Eu sinto que todas as babaquices de quem é muito rico tem alguma função, exceto
o jet ski. A piscina ao menos refresca. O iate é ao menos um meio de
transporte. Vinho pelo menos deixa bêbado. O jet ski não faz nada. É apenas um
jeito de jogar muito dinheiro fora.
“Crescer na
vida” no estágio classe média – elite não significa nada além de inventar novos
supérfluos. E a classe média não mede esforços no sonho de querer parecer cada
vez mais com a elite que venera. Para quem não me conhece, eu sou um paulistano
de classe média, faço parte do grupo social mais imbecil da história da
humanidade, embora tente ao máximo sair disso. Sou o hipócrita, como dizem meus
amigos de classe média descontentes com as minhas críticas. Nenhum assunto no
momento me causa mais brigas com os meus amigos deste mundo do que casamentos.
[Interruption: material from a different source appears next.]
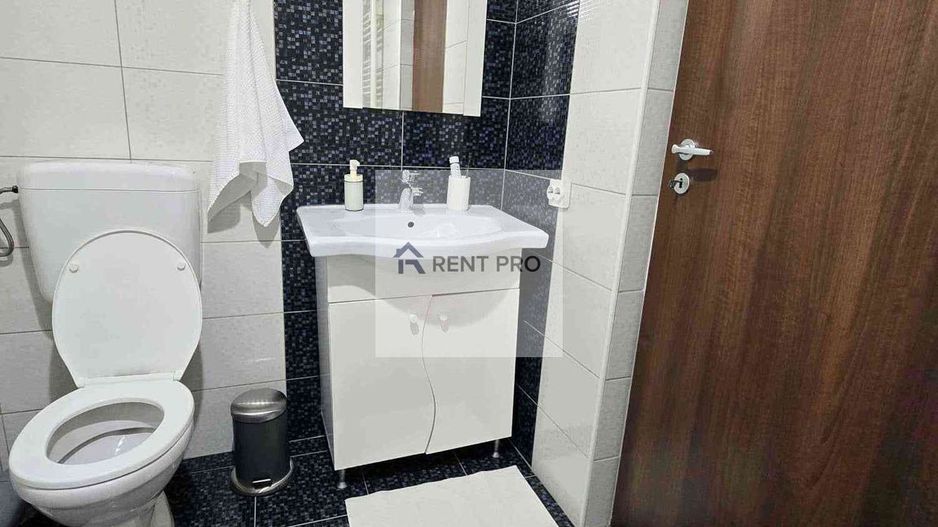 Garsonieră de închiriat | Bucureștii Noi | Etaj 2 | 37 mp | - Poză 6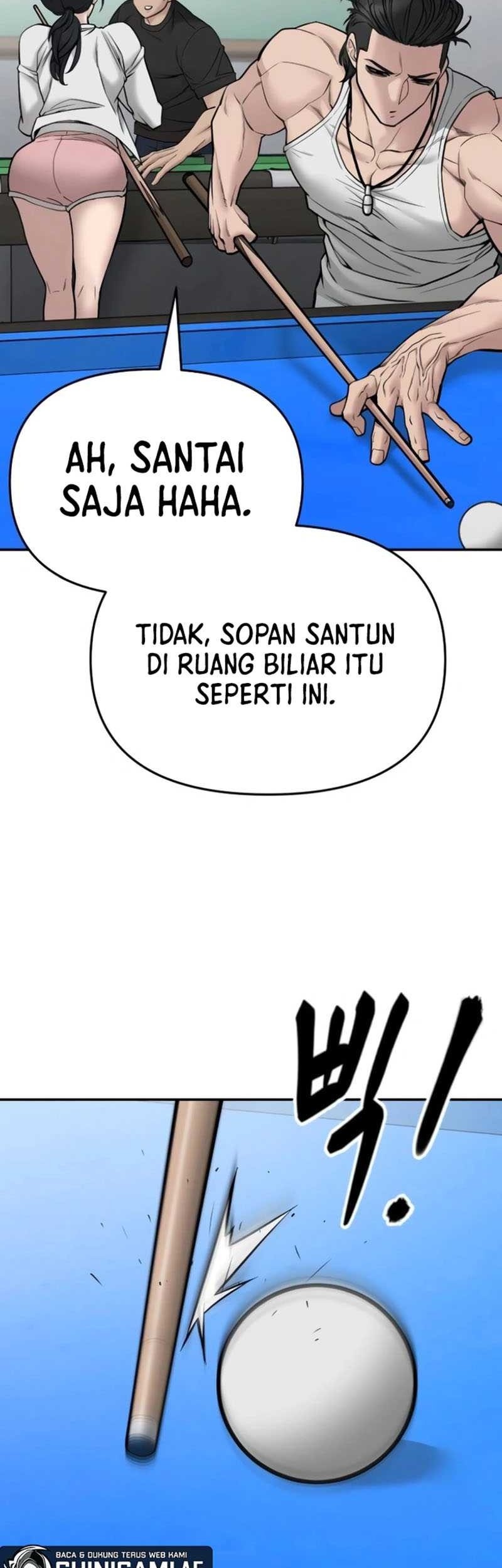 The Bully In Charge Chapter 75 Gambar 46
A impressão que tenho é que paulistanos de classe média simplesmente não
conseguem mais casar em SP. Tem que ser um casamento “mágico”, normalmente
copiado das séries americanas dos anos 90. Eles não conseguem mais casar num
salão de festas na Lapa num sábado à tarde, tem que ser numa fazenda ou na
praia e tem que durar o fim de semana todo. E tem que ser tudo exagerado, quase
um jet ski. Isto vai criando uma espécie de rede de desperdícios. Vendo que a
classe média agora casa na praia no fim de semana, o casamento do rico acontece
na Europa e dura sei lá quantos dias. E assim vamos.
A nossa hierarquia
social se reflete na rede de conselhos. É muito raro uma pessoa mais pobre dar
conselhos para alguém mais rico. É raro não só o rico ter interesse em ouvir o
que o mais pobre tem a dizer, mas também o próprio pobre se sentir à vontade
para falar. Mais do que isto, é muito raro a pessoa mais rica ter interesse
real na vida da pessoa mais pobre e ocorre certa aversão do mais rico quando
ele acha que o mais pobre exagerou no consumo. O rico dono do jet ski fica bem
contrariado quando vê o gerente da sua empresa aparecer com um carrão novo na
firma. “Ele deu um passo maior do que as pernas”, pensa o rico. A mesma coisa
acontece com a pessoa de classe média quando vê alguém mais pobre, por exemplo,
comprar um Iphone. Aliás, poucas coisas revoltam mais uma pessoa de classe
média do que pobre de Iphone. “Que irresponsabilidade!”. É neste contexto de
país que chegamos a Paulo Guedes.
Em entrevista à
Folha de São Paulo neste fim de semana, o ministro da Fazenda do Brasil disse
que rico sabe poupar, mas pobre não. Não sei se Paulo Guedes tem um jet ski,
mas neste texto eu o tratarei como dono de um. Paulo Guedes é o dono do jet ski
que não entende como um pai de família que ganha um salário mínimo por mês não
consegue poupar. Paulo Guedes é o dono de jet ski que matricula os filhos numa
escola que custa cinco dígitos, mas não sabe como um pai de família que ganha
um salário mínimo por mês não consegue poupar. Paulo Guedes é o dono de jet ski
que gasta cinco dígitos numa garrafa de vinho, mas não sabe como um pai de
família que ganha um salário mínimo por mês não consegue poupar.
No Brasil
vivemos em bolhas. Do mesmo jeito que a minha bolha é a da classe média que
quer casar na praia tipo os personagens de séries americanas, a bolha de Paulo
Guedes é a dos donos de jet ski. Imagino que uma vez por mês, os donos de jet
ski se reúnam uma vez em Trancoso, em Jurerê Internacional ou em New York para
debater os rumos do mundo. Eles são as pessoas que dão os conselhos e, como tais,
não precisam ouvir ninguém. Poupar é fácil para quem tem jet ski. Eles não
estão dispostos a ouvir os que estão abaixo e conhecer suas dificuldades. Não é
a função social deles. Eles decidem e aconselham, e o conselho do momento é
poupar.
Poucas atitudes
são tão arrogantes quanto o ato de aconselhar. A pessoa que aconselha se
enxerga sempre como superior moralmente à aconselhada. Ela sabe o que é melhor
para a vida do outro, mesmo sem saber os detalhes e as dificuldades reais da
vida do aconselhado. “Pobre tem que gastar menos”, diz o dono do jet ski.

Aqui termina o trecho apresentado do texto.